1166 Great crested newt Triturus cristatus

Vertebrate species: amphibians

Description and ecological characteristics

The great crested newt Triturus cristatus is the largest native British newt, reaching up to around 17 cm length. It has a granular skin texture (caused by glands which contain toxins making it unpalatable to predators), and in the terrestrial phase is dark grey, brown or black over most of the body, with a bright yellow/orange and black belly pattern. Adult males have jagged crests running along the body and tail. Newts require aquatic habitats for breeding. Eggs are laid singly on pond vegetation in spring, and larvae develop over summer to emerge in August – October, normally taking 2–4 years to reach maturity. Juveniles spend most time on land, and all terrestrial phases may range a considerable distance from breeding sites.

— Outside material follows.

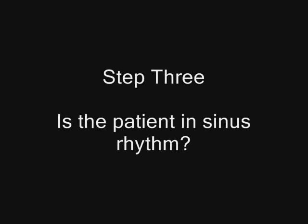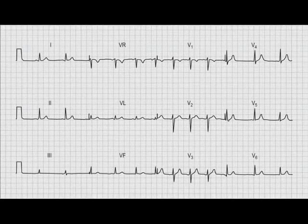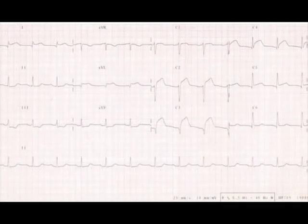Step 3: is the patient in sinus rhythm? If they're in sinus rhythm in one lead, they'll be in sinus rhythm in all leads. You can't have a mixture of different arrhythmias in different leads, because the ECG is recorded at the same time point — the electrical activity is just looked at from 12 different angles. Take a look at the rhythm strip printed along the bottom of the recording, because this will give you the most complexes. The leads above only give you a few complexes to work with. If there is no rhythm strip, look at lead 2. The rhythm strip is normally lead 2, because it's a very upright lead.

Breeding sites are mainly medium-sized ponds, though ditches and other waterbody types may also be used less frequently. Ponds with ample aquatic vegetation (which is used for egg-laying) seem to be favoured. Great crested newts do not require very high water quality, but are normally found in ponds with a circum-neutral pH. Broad habitat type varies greatly, the most frequent being pastoral and arable farmland, woodland, scrub, and grassland. There are also populations in coastal dunes and shingle structures. Great crested newts can be found in rural, urban and post-industrial settings, with populations less able to thrive where there are high degrees of fragmentation. The connectivity of the landscape is important, since great crested newts often occur in metapopulations that encompass a cluster of several or many ponds. This helps ensure the survival of populations even if sub-populations are affected by, for example, pond desiccation or fish introductions. Climate may influence the range edge at the north of its distribution in Scotland, but other ecological or landscape factors such as pond density are probably more important in determining distribution across the main part of its British range.

Distribution of SACs/SCIs/cSACs with species 1166 Triturus cristatus. Click image for enlarged map.

European status and distribution

The great crested newt Triturus cristatus is found widely throughout northern Europe. Populations are thought to have declined dramatically throughout the species’ European range.

UK status and distribution

The great crested newt Triturus cristatus is widespread throughout much of England and Wales, but occurs only sparsely in south-west England, mid Wales and Scotland. It is absent from Northern Ireland. The total UK population is relatively large and is distributed over sites that vary greatly in their ecological character. One estimate has put the national population at around 400,000 animals in 18,000 breeding sites. Many of the largest populations are centred on disused mineral-extraction sites, but lowland farmland forms the majority of great crested newt habitat in the UK.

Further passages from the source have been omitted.